The question of the origins of a text is always an interesting one. For example, on of the most fascinating fields of research in Augustinian studies deals with reconstructing the reading of Augustine’s youth, and seeing how the various books he read were distilled later into his own writings. One of the things scholars agree on is that the Confessions, in its structure and in one or two key scenes, recalls the Aeneid of Virgil. Indeed the Confessions is best understood as a spiritual Aeneid. One great scholar, Henri- Irénée Marrou even went so far as to reconstructing the milieu of Augustine’s education, which greatly helps us in our understanding of the Saint’s theology. The same archaeological work has been done on Samuel Taylor Coleridge, in an immense work called The Road to Xanadu, by John Livingston Lowes. Famously, Coleridge claimed that his Kubla Khan poem was the result of a dream. Lowes shows, however, that it was the result of years of reading, distilled into a single, magical and seemingly spontaneous lyric.
There is nothing controversial about this. The fact that Kubla Khan was not created ex nihilo should surprise no one. But what happens when it is held that a religious text is ex nihilo, and a literary critic can prove that it is in fact no such thing? What happens when religion and literature collide?
A clear example can be furnished by the Book of Mormon. Mormons believe that this text was delivered to Joseph Smith on golden plates by an angel called Moroni. In fact, through examination of the text, and examination of the various editions of the text that show revealing changes, it is clear that the Book of Mormon is a not particularly skilful forgery – in other words the sort of book that someone of Joseph Smith’s background would have written if he had wished to pass it off as a sacred text delivered by an angel. The Book of Mormon has generated a significant body of literature, which demonstrates to all but the Mormons that the book is firmly rooted in the milieu of Joseph Smith’s America.

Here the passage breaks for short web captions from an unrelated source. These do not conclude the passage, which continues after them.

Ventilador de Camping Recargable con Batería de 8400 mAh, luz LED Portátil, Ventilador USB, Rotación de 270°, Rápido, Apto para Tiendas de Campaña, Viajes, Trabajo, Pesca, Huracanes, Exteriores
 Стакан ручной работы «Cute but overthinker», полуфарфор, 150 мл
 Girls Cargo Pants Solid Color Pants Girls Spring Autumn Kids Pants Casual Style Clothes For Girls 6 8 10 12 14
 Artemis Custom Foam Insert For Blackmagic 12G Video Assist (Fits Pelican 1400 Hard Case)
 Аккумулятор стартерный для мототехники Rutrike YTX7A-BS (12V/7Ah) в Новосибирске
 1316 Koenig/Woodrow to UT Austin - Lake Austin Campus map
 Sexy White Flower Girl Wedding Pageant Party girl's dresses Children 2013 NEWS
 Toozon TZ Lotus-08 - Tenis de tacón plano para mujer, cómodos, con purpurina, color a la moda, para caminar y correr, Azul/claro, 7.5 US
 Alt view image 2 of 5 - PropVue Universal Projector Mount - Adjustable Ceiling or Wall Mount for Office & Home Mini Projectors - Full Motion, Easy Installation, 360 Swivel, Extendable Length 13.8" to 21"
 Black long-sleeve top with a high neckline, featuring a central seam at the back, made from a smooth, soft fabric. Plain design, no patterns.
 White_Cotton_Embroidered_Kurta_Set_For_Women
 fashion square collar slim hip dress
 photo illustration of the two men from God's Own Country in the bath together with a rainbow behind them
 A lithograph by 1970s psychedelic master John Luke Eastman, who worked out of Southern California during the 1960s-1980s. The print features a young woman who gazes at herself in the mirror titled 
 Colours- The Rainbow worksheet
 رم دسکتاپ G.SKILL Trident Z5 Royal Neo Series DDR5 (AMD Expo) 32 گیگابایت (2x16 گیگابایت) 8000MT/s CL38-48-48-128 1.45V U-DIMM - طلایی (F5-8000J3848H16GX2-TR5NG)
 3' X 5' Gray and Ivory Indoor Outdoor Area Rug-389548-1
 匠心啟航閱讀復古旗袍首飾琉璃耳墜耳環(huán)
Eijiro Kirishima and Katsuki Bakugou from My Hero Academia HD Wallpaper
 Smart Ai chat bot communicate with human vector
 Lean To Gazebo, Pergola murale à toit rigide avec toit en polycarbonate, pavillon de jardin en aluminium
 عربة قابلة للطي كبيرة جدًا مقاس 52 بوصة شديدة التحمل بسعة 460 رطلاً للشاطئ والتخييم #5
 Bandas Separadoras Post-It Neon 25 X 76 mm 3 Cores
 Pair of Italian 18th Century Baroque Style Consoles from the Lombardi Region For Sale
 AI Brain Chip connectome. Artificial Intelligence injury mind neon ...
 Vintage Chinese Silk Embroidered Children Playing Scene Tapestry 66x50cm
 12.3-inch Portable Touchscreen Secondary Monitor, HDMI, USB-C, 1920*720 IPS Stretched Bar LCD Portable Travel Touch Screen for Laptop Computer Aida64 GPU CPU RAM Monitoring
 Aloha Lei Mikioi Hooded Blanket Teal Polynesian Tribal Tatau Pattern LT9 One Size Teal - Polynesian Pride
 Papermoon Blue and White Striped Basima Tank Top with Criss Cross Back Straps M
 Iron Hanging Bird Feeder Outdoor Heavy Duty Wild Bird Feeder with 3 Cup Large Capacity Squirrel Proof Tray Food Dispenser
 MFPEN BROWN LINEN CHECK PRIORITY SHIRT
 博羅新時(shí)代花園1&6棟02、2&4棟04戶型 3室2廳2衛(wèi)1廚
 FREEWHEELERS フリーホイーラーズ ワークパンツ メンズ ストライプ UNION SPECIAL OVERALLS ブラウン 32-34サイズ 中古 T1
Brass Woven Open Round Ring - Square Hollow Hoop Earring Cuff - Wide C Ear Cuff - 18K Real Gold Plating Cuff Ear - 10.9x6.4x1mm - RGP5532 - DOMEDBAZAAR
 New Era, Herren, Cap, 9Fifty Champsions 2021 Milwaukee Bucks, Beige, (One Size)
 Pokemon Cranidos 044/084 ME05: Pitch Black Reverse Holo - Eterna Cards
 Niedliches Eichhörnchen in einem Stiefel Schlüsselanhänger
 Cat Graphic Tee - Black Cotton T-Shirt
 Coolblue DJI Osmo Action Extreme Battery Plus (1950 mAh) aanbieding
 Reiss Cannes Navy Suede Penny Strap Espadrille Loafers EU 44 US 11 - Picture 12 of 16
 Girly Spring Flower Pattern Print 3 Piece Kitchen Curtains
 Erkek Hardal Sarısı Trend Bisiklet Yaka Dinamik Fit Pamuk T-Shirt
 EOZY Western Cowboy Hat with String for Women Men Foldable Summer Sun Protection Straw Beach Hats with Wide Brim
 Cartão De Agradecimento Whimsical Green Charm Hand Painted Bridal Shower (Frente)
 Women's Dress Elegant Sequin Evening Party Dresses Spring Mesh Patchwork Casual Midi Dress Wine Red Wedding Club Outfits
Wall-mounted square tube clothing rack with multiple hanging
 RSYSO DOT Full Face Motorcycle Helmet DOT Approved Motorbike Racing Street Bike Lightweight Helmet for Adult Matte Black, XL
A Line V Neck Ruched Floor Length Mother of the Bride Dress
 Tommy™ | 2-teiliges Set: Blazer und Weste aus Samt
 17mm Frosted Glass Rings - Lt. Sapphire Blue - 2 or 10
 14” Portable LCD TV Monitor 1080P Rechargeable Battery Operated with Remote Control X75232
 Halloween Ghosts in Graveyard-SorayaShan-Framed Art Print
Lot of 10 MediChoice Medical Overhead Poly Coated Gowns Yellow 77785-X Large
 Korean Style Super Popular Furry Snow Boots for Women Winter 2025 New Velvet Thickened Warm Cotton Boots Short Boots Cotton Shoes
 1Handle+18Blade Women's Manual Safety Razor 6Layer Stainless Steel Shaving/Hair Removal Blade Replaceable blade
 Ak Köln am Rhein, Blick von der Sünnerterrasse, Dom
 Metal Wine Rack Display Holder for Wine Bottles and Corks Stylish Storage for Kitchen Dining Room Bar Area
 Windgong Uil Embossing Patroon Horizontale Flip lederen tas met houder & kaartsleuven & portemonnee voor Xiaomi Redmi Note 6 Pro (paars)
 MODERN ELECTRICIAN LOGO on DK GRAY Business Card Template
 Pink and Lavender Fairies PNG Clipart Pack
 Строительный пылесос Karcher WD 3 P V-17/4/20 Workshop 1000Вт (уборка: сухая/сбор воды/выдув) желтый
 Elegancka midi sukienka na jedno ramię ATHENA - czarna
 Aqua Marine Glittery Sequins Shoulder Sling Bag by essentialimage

A more complex and arresting example is provided by the Muslim holy book, the Koran. This has only recently been subject to critical examination. Muslims believe that their prophet was illiterate, and that the Koran is the uncreated world of God. Those who have studied the text without the eyes of this faith see it as originating on the fringes of Syria and Palestine in the seventh century, and even see its origins in a Christian liturgical book. Many scholars now see the Koran as a product of a historical milieu rather than an uncreated text. As such, it would have sources. This scholarly belief (a famous exponent is Tom Holland) must naturally contradict the faith of those who believe that the Koran is the uncreated word of God.
Christians may sympathise with this, but we have been there, and we have moved on. Once it was more or less considered de fide to believe that one person wrote the prophecy of Isaiah. Now we know that there were at least three authors of Isaiah, and that it falls into three sections by different hands, which were written at different times. This does not mean that Isaiah is a forgery; rather it means that we have developed and deepened our understanding of just what divine inspiration means. We now know too that it is a mistake to attribute the Letter to the Hebrews to Saint Paul, but that does not mean it is any less inspired.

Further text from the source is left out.